------ ENTRIES SUPPLIED

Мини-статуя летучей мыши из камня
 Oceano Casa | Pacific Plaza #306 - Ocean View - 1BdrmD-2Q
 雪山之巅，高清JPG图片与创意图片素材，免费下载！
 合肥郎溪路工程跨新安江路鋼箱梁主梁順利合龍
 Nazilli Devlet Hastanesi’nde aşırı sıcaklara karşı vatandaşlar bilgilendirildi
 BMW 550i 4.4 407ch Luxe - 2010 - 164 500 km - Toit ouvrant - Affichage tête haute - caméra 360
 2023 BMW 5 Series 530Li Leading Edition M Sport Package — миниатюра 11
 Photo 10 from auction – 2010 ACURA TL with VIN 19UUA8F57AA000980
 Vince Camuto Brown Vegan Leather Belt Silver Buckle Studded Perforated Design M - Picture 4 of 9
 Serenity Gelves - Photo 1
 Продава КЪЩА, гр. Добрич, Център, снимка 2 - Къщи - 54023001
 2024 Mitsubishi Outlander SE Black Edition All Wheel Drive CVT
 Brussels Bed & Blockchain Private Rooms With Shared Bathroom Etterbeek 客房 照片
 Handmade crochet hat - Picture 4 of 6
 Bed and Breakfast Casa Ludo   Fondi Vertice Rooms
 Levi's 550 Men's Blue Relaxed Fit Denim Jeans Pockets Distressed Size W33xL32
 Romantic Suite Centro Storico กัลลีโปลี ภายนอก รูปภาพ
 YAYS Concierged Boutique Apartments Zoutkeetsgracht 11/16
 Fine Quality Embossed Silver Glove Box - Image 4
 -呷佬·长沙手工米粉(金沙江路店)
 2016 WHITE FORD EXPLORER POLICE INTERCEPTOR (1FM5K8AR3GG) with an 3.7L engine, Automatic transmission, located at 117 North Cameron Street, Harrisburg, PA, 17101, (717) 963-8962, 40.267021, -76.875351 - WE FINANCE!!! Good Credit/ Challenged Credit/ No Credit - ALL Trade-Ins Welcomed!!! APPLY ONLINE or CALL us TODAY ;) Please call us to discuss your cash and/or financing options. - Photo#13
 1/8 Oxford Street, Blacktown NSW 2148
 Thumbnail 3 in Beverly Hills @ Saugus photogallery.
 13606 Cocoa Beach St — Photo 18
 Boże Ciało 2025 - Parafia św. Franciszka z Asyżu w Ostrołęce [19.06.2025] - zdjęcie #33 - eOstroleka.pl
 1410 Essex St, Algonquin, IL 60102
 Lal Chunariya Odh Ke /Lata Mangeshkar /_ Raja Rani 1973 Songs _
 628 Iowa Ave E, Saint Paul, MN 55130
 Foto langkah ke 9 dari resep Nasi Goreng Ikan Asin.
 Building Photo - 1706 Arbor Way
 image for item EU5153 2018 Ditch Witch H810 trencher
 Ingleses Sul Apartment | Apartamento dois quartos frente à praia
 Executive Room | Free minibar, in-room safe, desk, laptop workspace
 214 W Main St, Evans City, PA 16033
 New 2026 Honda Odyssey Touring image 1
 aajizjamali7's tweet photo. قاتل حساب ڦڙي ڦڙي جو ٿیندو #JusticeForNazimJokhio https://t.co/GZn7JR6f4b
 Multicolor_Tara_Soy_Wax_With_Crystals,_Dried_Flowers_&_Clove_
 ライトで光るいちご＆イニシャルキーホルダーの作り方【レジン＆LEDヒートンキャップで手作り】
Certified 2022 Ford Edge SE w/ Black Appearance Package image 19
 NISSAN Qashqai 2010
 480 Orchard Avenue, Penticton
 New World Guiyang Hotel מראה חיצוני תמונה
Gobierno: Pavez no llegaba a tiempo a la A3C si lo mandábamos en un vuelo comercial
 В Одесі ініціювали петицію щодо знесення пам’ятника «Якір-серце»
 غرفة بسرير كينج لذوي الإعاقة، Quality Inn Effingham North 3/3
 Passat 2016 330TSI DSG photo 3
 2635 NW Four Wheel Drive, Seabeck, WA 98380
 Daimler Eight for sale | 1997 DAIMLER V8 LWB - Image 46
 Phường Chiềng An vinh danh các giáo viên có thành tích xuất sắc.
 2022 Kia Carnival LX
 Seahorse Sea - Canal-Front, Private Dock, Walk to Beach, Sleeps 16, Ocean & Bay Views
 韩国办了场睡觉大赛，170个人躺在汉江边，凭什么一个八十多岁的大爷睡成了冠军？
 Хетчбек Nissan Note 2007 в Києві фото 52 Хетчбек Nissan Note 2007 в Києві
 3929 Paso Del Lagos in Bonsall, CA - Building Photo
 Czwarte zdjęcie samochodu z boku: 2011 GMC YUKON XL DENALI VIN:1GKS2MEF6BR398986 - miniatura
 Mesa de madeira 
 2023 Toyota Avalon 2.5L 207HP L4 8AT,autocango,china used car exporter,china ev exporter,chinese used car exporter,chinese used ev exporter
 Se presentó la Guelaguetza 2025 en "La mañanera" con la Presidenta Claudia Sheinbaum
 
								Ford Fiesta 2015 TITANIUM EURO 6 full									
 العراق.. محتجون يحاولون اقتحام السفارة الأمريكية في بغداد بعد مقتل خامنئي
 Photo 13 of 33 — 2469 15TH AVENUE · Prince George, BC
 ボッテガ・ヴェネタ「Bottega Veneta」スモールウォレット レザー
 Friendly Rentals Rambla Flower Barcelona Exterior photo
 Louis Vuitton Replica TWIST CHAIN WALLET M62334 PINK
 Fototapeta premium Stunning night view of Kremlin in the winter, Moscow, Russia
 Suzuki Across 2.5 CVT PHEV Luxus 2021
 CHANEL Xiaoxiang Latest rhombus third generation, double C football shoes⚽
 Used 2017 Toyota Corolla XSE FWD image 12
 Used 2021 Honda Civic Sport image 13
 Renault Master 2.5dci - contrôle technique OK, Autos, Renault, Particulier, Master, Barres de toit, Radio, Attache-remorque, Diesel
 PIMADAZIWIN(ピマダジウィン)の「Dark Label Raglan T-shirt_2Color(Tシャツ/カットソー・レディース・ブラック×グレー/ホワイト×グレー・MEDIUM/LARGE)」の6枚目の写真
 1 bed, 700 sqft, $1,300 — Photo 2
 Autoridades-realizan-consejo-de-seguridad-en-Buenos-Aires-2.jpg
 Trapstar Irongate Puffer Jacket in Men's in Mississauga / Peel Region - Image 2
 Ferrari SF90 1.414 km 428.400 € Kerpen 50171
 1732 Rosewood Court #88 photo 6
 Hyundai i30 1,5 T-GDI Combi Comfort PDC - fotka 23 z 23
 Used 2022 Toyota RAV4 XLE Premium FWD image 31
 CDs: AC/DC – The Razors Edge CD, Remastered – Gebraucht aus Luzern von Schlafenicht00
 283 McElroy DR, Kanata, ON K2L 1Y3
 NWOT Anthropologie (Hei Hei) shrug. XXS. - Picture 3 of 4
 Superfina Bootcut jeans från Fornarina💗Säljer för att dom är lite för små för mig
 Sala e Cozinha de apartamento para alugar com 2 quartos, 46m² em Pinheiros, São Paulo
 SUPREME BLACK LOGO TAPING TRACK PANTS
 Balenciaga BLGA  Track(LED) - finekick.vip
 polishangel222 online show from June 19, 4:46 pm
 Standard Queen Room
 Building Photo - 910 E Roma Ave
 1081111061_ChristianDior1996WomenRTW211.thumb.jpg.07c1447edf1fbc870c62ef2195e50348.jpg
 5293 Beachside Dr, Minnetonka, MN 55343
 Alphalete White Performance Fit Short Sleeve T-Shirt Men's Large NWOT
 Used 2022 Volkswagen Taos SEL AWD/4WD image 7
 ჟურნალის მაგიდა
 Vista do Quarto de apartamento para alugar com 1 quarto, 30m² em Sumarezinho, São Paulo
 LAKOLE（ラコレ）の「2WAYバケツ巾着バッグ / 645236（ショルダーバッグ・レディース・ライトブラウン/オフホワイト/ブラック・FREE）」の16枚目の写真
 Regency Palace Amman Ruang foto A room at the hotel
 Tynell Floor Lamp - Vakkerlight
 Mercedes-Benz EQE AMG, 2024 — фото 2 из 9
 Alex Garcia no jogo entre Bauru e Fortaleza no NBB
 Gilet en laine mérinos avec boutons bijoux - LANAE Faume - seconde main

------------

[WHAT THE TASK REQUIRES] Lines wanted from the listing above: the line with "Friendly Rentals Rambla" up to and including the line with "283 McElroy DR, Kanata, ON K2L 1Y3". Please write them out exactly, adding nothing else.

[WRITTEN SOLUTION]
 Friendly Rentals Rambla Flower Barcelona Exterior photo
 Louis Vuitton Replica TWIST CHAIN WALLET M62334 PINK
 Fototapeta premium Stunning night view of Kremlin in the winter, Moscow, Russia
 Suzuki Across 2.5 CVT PHEV Luxus 2021
 CHANEL Xiaoxiang Latest rhombus third generation, double C football shoes⚽
 Used 2017 Toyota Corolla XSE FWD image 12
 Used 2021 Honda Civic Sport image 13
 Renault Master 2.5dci - contrôle technique OK, Autos, Renault, Particulier, Master, Barres de toit, Radio, Attache-remorque, Diesel
 PIMADAZIWIN(ピマダジウィン)の「Dark Label Raglan T-shirt_2Color(Tシャツ/カットソー・レディース・ブラック×グレー/ホワイト×グレー・MEDIUM/LARGE)」の6枚目の写真
 1 bed, 700 sqft, $1,300 — Photo 2
 Autoridades-realizan-consejo-de-seguridad-en-Buenos-Aires-2.jpg
 Trapstar Irongate Puffer Jacket in Men's in Mississauga / Peel Region - Image 2
 Ferrari SF90 1.414 km 428.400 € Kerpen 50171
 1732 Rosewood Court #88 photo 6
 Hyundai i30 1,5 T-GDI Combi Comfort PDC - fotka 23 z 23
 Used 2022 Toyota RAV4 XLE Premium FWD image 31
 CDs: AC/DC – The Razors Edge CD, Remastered – Gebraucht aus Luzern von Schlafenicht00
 283 McElroy DR, Kanata, ON K2L 1Y3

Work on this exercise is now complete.